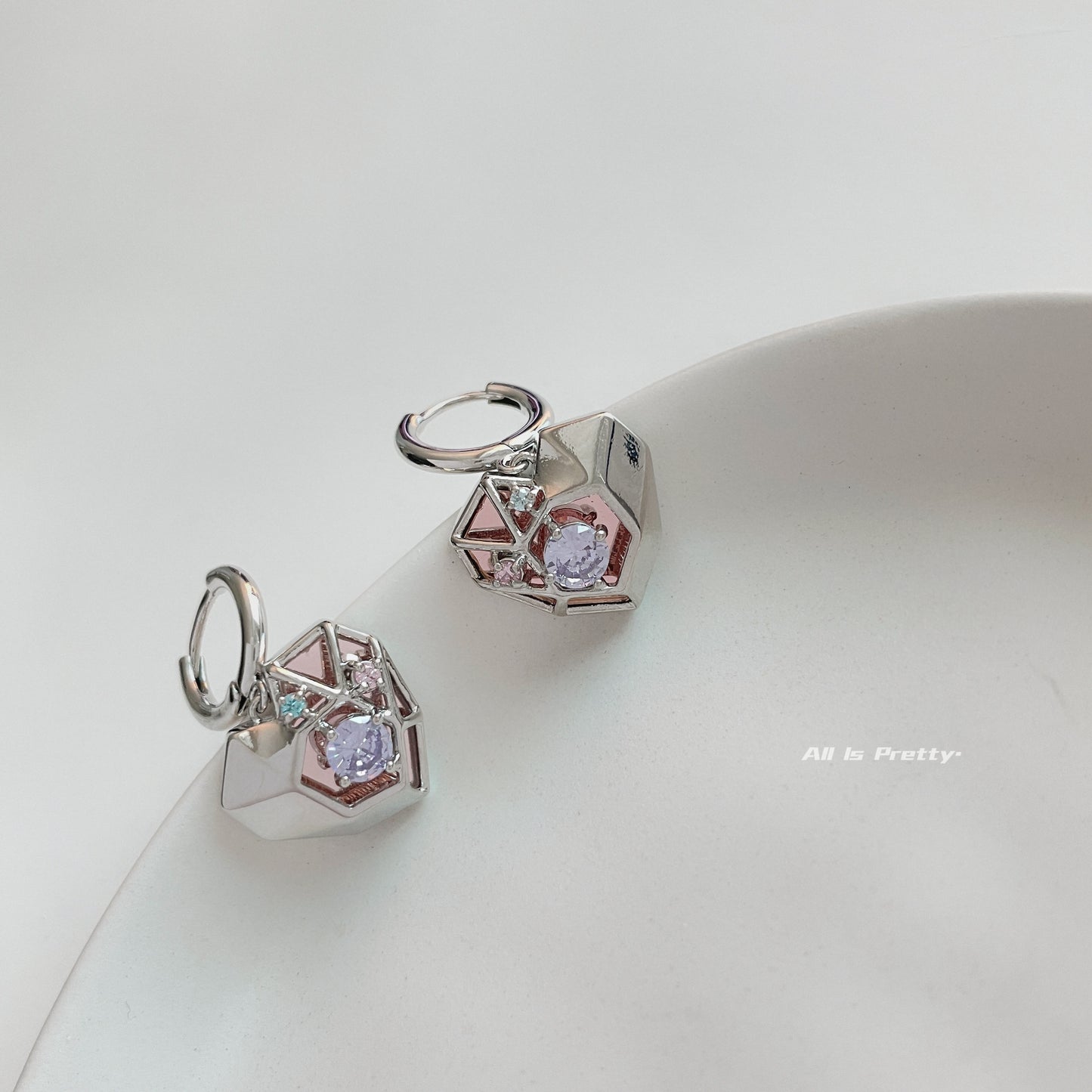 Geometry mirror heart earrings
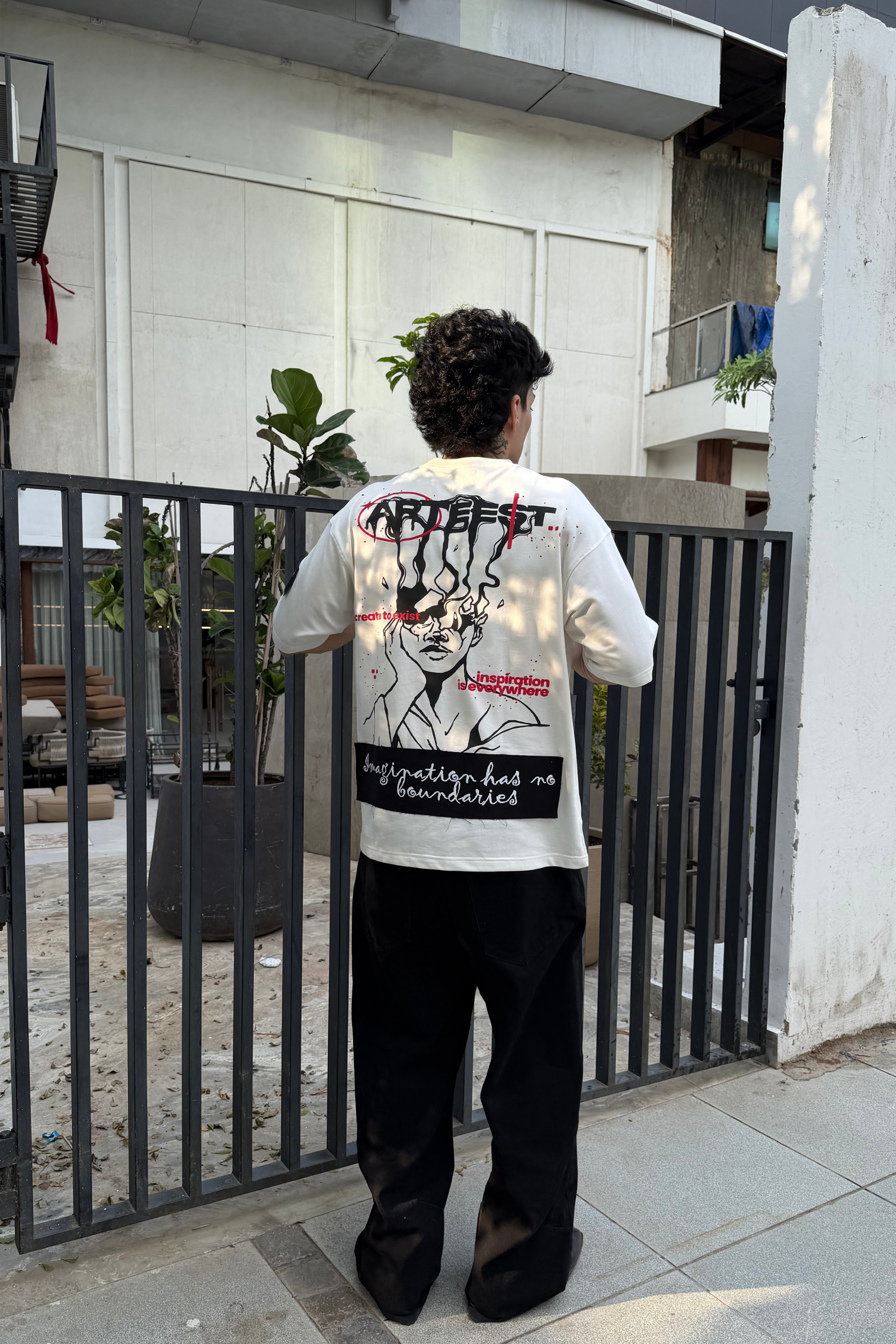 The Signature T-shirt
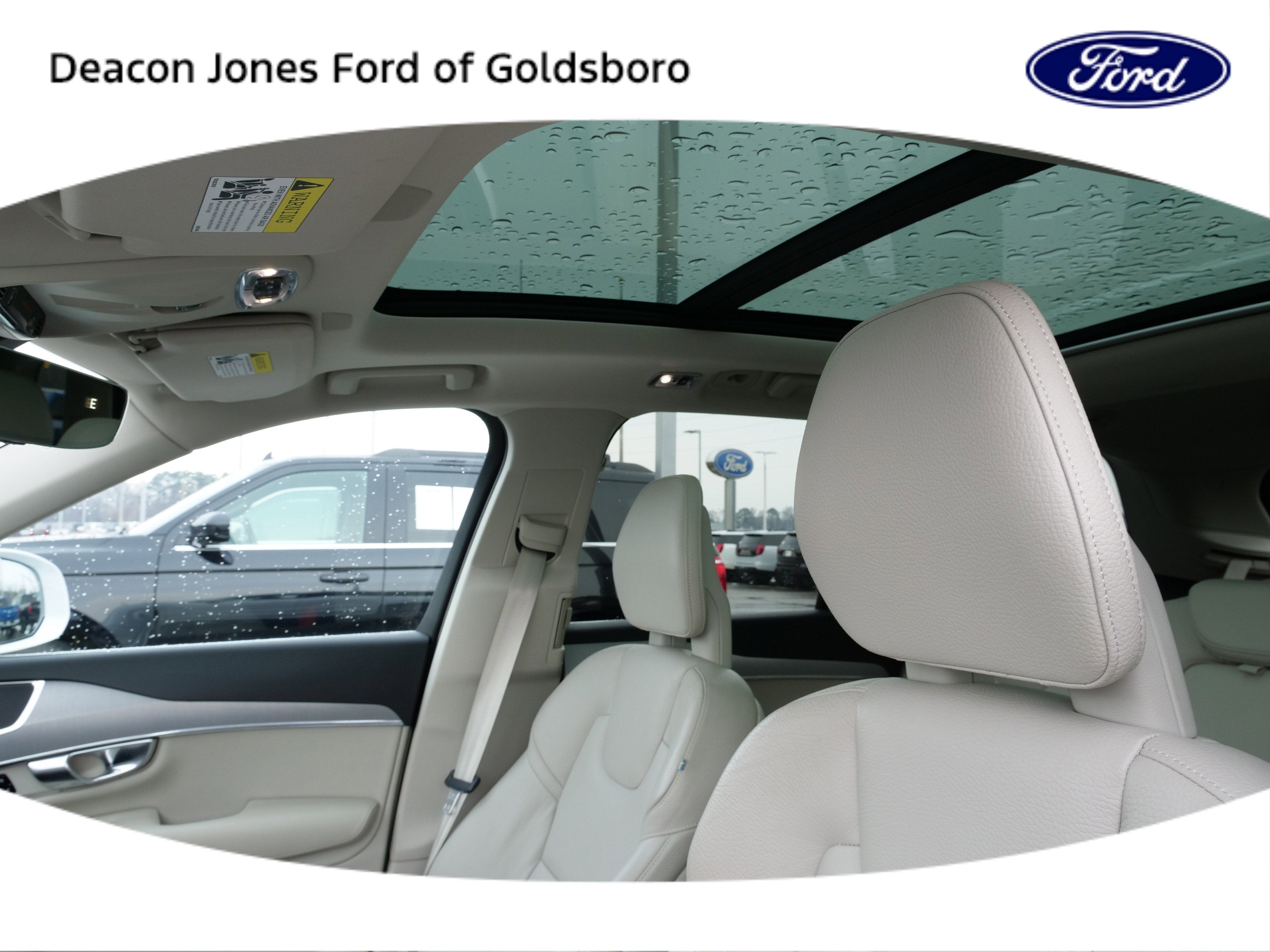 2021 Volvo XC90 Momentum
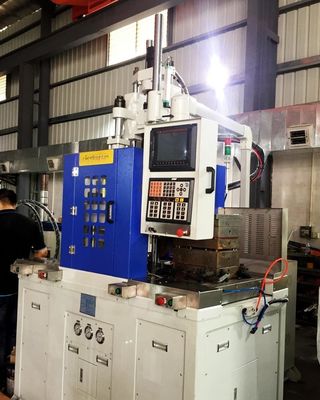 120T Double Slide Table Vertical Injection Molding Machine Untuk Produksi Volume Tinggi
---------------
Work to be completed:
Leave out the pictures and output the rest of the material exactly as written.

Result of this exercise:
 Geometry mirror heart earrings
 The Signature T-shirt
 2021 Volvo XC90 Momentum
 120T Double Slide Table Vertical Injection Molding Machine Untuk Produksi Volume Tinggi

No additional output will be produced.